Would You Have Hung Around Tom?

He had family problems.
Tom’s dad was consumed with his work and finally abandoned the family when Tom was 12. Some of you know the gut-wrenching feelings he must have suffered through in middle school.

His family didn't have much money. Tom couldn’t afford some of the things other kids had because his dad refused to pay child support for his four children. He and his sisters had to work to contribute to the family income. They sometimes survived on food stamps.

He wasn't considered cool. His social life was disrupted regularly by moves that forced him to change schools an average of once a year (8 elementary and three high schools). Lots of kids made fun of him. He was always the new geek, never the cool guy that girls flocked to. Lots of kids made fun of him.

He didn't make good grades.
As if Tom didn’t have enough problems to deal with, he was always in remedial classes for slow learners. He was later found to have a learning disorder called Dyslexia, which makes it incredibly difficult to learn skills like reading. Not knowing what was wrong, he just thought he was dumb and would often come home crying. With dyslexics, their brains often tell them that things are backwards. He couldn’t even distinguish his right hand from his left.

He often failed at sports. Concluding that academics weren’t his forte, he plunged into athletics. He played football but was too small to excel. Wrestling, however, is divided into weight classes, giving him the opportunity to compete. But when running some stairs (trying to lose a pound to compete in his weight class) he slipped on some papers his sister had left and tore a tendon on his leg. So much for athletics.

I'll ask you again, would you have been embarrassed to hang around Tom? I hope not. Because today you'd probably love to have his autograph. Unable to wrestle on the team because of his injury, he tried out for a part in their high school play. He landed a starring role and fell in love with acting. A theater agent just happened to be in the audience the night of the performance and encouraged him to go into acting. Do you know who he is? Tom Cruise.

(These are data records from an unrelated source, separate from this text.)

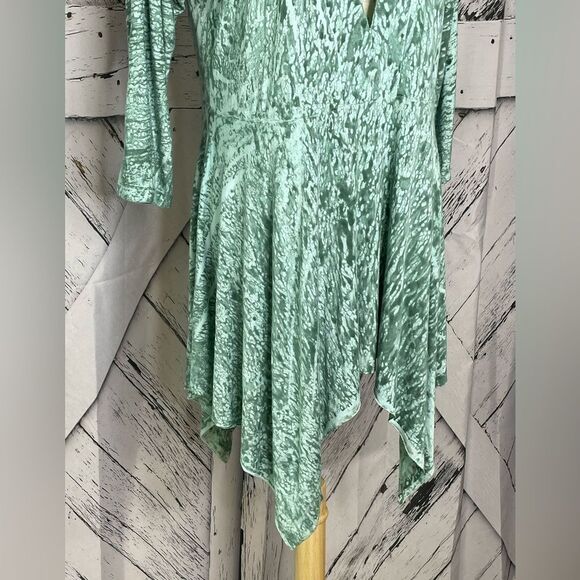 Glima Batik V-Neck Tunic Handkerchief Hem XL - Picture 4 of 6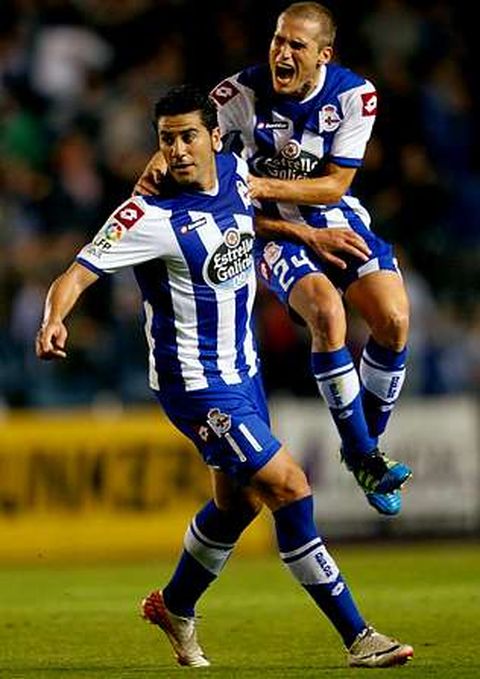 Berganti�os celebra con Riki un gol ante el Girona.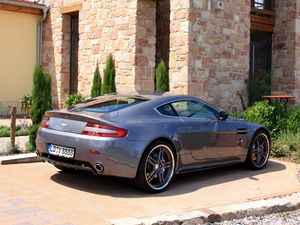 Preview wallpaper aston martin, v8, vantage, 2009, gray, side view, sports, building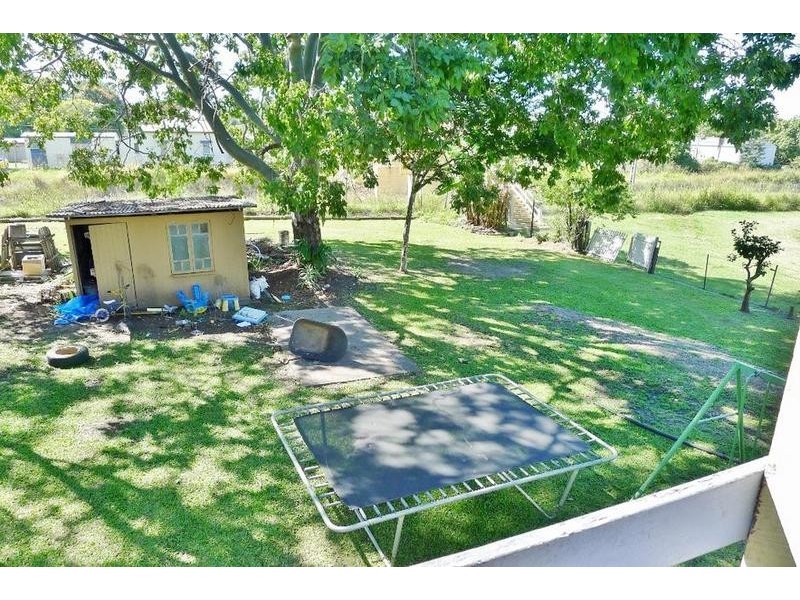 81 STELEY ST, Howard QLD 4659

Today it's hard to make it through the grocery store line these days without finding him staring at me from a magazine cover. How many of you saw him play Ethan Hunt in Mission Impossible or one of his many other movies? His accomplishments are pretty incredible. At 37 years of age (in year 2000), he has starred in blockbuster after blockbuster, is one of the highest paid actors in Hollywood, has been recognized for his achievements in acting by a Golden Globe award and an Oscar nomination, and has the physical agility (and guts) to perform 95% of the stunts in Mission Impossible II, including dangling off that cliff at the beginning of the movie.

Cruise now says that his difficulties in school provided a character course that made him a better person. As a result, he goes the extra mile for his producers and has the people skills that make people love to work with him.

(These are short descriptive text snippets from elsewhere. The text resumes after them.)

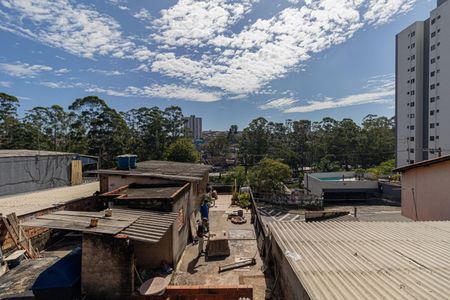 Vista Quarto 1 de casa à venda com 3 quartos, 74m² em Vila Carmosina, São Paulo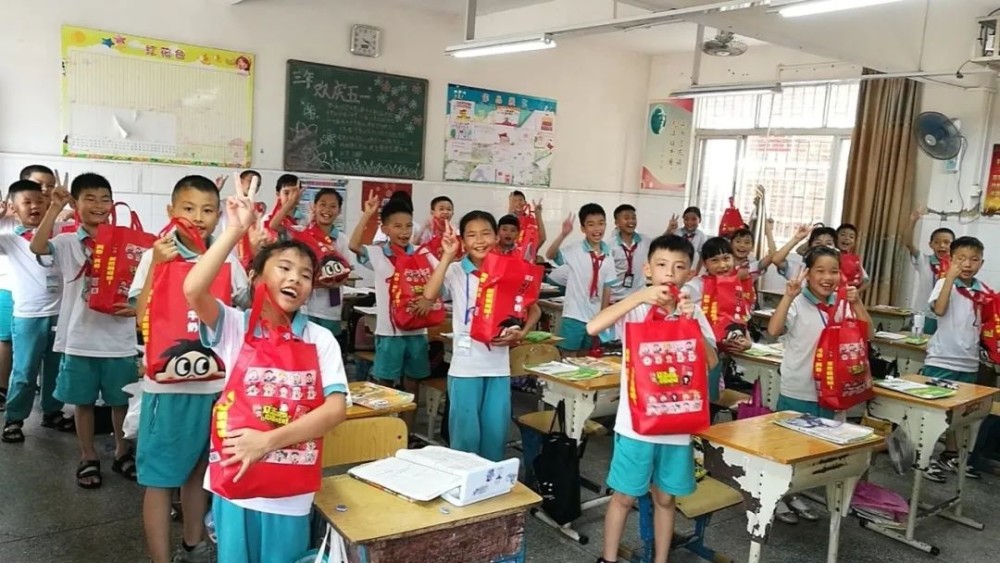 台山一幼▲李星衢纪念学校▲端芬隆文学校▲东晖小学▲马兰芳幼儿园与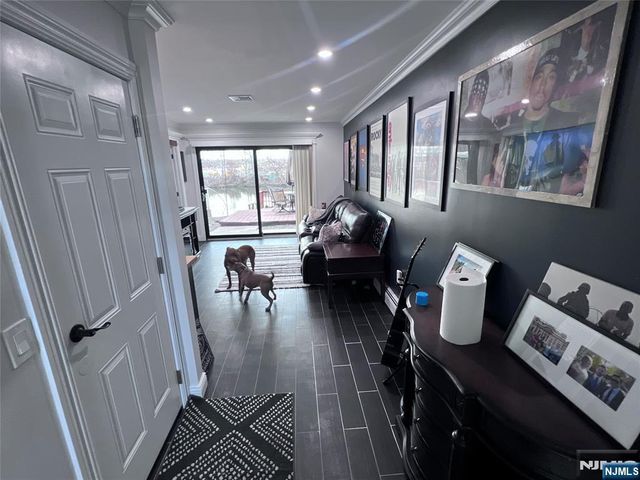 27 Ross Road, Wallington, NJ 07057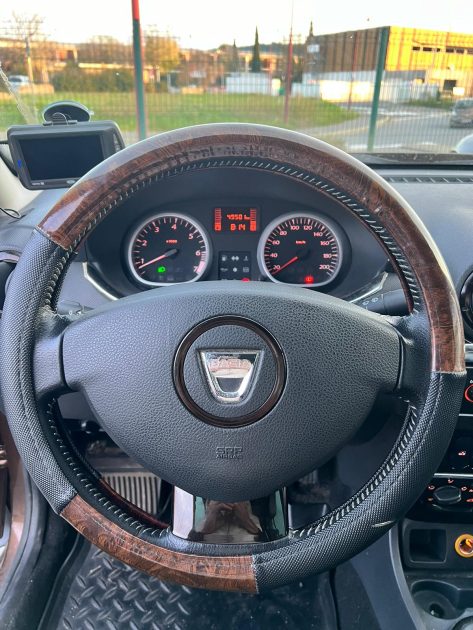 DACIA DUSTER  2010 1.6 16v 105CV / Distribution Neuve / CT OK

It’s so easy to look at Cruise today and think, "Wow, I wish he'd gone to my school!" Well, perhaps many people who will be extremely successful in life are now at your school. But like Cruise, they don't look very successful now. Many of the students you're snubbing now because of the way they look, their lack of the right clothes or their backward personality may be the ones who are learning those coping skills to make it big one day. Don't reject them because they look like losers today. One day you may want their autographs.

(Written by Steve Miller, Copyright June, 2003. Sources: 1 – "Cruise Control" (excerpt from 'Cruise')(Cosmopolitan) Frank Sanello; 12-01-1995; 2 – "Man With a Mission," ( The Calgary Sun ) Lisa Wilton, Calgary Sun, 05-21-2000; 3 - "Conversations With Cruise," Vanity Fair, June, 2000; Tom Cruise, by Phelan Powell, Chelsea House Publishers, 1999)

For Discussion:

1) Why are the teen years often a poor indication of a person's future?
2) Had Cruise attended your school, how do you think students would have treated him?
3) What are the main reasons people get put down in our school?
4) How can we be more a part of the solution rather than contributing to the problem?
5) Personal Reflection: Think of some students or staff who are often put down or ignored. Write down their initials and go out of your way to speak to them or encourage them today.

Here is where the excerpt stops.